I am a cabinet maker working on my first timber framed project. I made my fare share of pinned mortise and tenon joints over the years, but with the holding power of modern glue, the pins are effectively decoration.

So why isn't glue used in modern timber framing? would it not just provide additional strength to a joint? 

Roger Nair

Large timber dries and distorts greatly in a variety of manners depending on where it was sawn out of the log in a three dimensional fashion.  Surfaces not only change in width but surfaces curl, angles change, checks open and spread and adjacent timbers grain cross with the grain moving in different directions and amount.  Glue may have some elastic quality but the thin layer of glue will not cope with the far greater movement of the wood.
An optimist believes this is the best of all possible worlds, the pessimist fears that the optimist is correct.--James Branch Cabell

canopy

The other way to look at it what would be the benefits of using glue? A timber frame is perfectly fine without glue and glue would add many drawbacks. As a cabinet maker you would understand how difficult it would be to raise a frame without glue joints drying too quickly. Raising a frame can take a day or more and in that time things often need moved and torqued or in some cases a bit of rework. And pegs would still be needed to make tight joints. Glue would add cost, time, and add more difficulty in disassembling and repairs down the line.

Jno wood

 :D

That makes allot of sense. I have scrambled around the shop more than a few times on a complicated glue up, I can't imagine pulling it off on a larger timber project.

Ianab

From woodworking you would know that large cross grain glue-ups are a bad idea. A couple of inches on a mortise joint in furniture is fine because the glue will flex enough to allow for that. But the joins in a timber frame might be mortises with 8" or more of cross grain. Now a big mortise joint, with a peg or two holding things secure, allows for some drying and seasonal movement. Without your stress of a cross grain glue-up. 

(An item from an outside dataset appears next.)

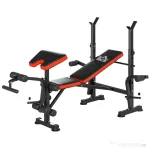 HOMCOM Bancă Multifuncțională Reglabilă cu Suport pentru Haltere, din Oțel și Plastic, 175x139x127 cm, Roșu și Negru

Only place I can see a use is laminated beams, which isn't really traditional timber framing. But it's commonly used in modern wooden building construction, even on quite large multi-story buildings. 

Technically there is no reason you couldn't adapt timber frame principles to use prefabricated laminated components, but you would still want to put them together with pegs or bolts. 
Weekend warrior, Peterson JP test pilot, Dolmar 7900 and Stihl MS310 saws and  the usual collection of power tools :)

Brad_bb

Also...timberframing is done with green wood.  You don't use glue on green wood because it is still shrinking and moving.  Pegs have worked well for 2000+ years...that's why the craft still uses them.